Adds the string value as a member of set set. Expand if-uniq if the element was added, or if-dup if it was previously in the set. Operates in amortized constant time, so that set creation scales linearly.

— Macro: m4_set_add_all (set, value...)

Adds each value to the set set. This is slightly more efficient than repeatedly invoking m4_set_add.

— Macro: m4_set_contains (set, value, [if-present], [if-absent])

Expands if-present if the string value is a member of set, otherwise if-absent.

          m4_set_contains([a], [1], [yes], [no])
          =>no
          m4_set_add([a], [1], [added], [dup])
          =>added
          m4_set_add([a], [1], [added], [dup])
          =>dup
          m4_set_contains([a], [1], [yes], [no])
          =>yes
          m4_set_remove([a], [1], [removed], [missing])
          =>removed
          m4_set_contains([a], [1], [yes], [no])
          =>no
          m4_set_remove([a], [1], [removed], [missing])
          =>missing
     
— Macro: m4_set_contents (set, [sep])
— Macro: m4_set_dump (set, [sep])

Expands to a single string consisting of all the members of the set set, each separated by sep, which is not expanded. m4_set_contents leaves the elements in set but reclaims any memory occupied by removed elements, while m4_set_dump is a faster one-shot action that also deletes the set. No provision is made for disambiguating members that contain a non-empty sep as a substring; use m4_set_empty to distinguish between an empty set and the set containing only the empty string. The order of the output is unspecified; in the current implementation, part of the speed of m4_set_dump results from using a different output order than m4_set_contents. These macros scale linearly in the size of the set before memory pruning, and m4_set_contents([set], [sep]) is faster than m4_joinall([sep]m4_set_listc([set])).

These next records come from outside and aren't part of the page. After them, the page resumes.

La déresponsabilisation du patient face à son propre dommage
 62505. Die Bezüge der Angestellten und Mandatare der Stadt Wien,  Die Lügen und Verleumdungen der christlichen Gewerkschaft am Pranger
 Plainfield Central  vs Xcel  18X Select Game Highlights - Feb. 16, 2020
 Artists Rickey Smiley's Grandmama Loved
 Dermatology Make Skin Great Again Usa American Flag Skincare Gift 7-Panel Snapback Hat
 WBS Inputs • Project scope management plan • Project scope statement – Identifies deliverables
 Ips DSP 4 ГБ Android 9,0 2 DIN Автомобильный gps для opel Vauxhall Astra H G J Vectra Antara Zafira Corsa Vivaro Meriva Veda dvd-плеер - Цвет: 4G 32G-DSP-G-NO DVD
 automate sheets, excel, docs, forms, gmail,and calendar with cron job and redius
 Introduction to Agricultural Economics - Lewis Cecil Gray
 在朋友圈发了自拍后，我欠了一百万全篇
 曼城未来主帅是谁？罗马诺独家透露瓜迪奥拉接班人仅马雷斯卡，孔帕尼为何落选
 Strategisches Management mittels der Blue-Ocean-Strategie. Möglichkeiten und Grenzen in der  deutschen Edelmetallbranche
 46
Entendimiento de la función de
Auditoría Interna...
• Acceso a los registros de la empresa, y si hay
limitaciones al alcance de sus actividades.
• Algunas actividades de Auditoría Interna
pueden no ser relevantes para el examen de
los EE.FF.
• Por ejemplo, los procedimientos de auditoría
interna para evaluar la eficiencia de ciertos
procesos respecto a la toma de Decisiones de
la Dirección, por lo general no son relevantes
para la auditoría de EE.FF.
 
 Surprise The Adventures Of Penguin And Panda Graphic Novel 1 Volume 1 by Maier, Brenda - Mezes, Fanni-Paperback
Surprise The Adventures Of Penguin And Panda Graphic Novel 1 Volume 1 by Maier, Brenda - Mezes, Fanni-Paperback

          m4_set_add_all([a], [1], [2], [3])
          =>
          m4_set_contents([a], [-])
          =>1-2-3
          m4_joinall([-]m4_set_listc([a]))
          =>1-2-3
          m4_set_dump([a], [-])
          =>3-2-1
          m4_set_contents([a])
          =>
          m4_set_add([a], [])
          =>
          m4_set_contents([a], [-])
          =>
     
— Macro: m4_set_delete (set)

Delete all elements and memory associated with set. This is linear in the set size, and faster than removing one element at a time.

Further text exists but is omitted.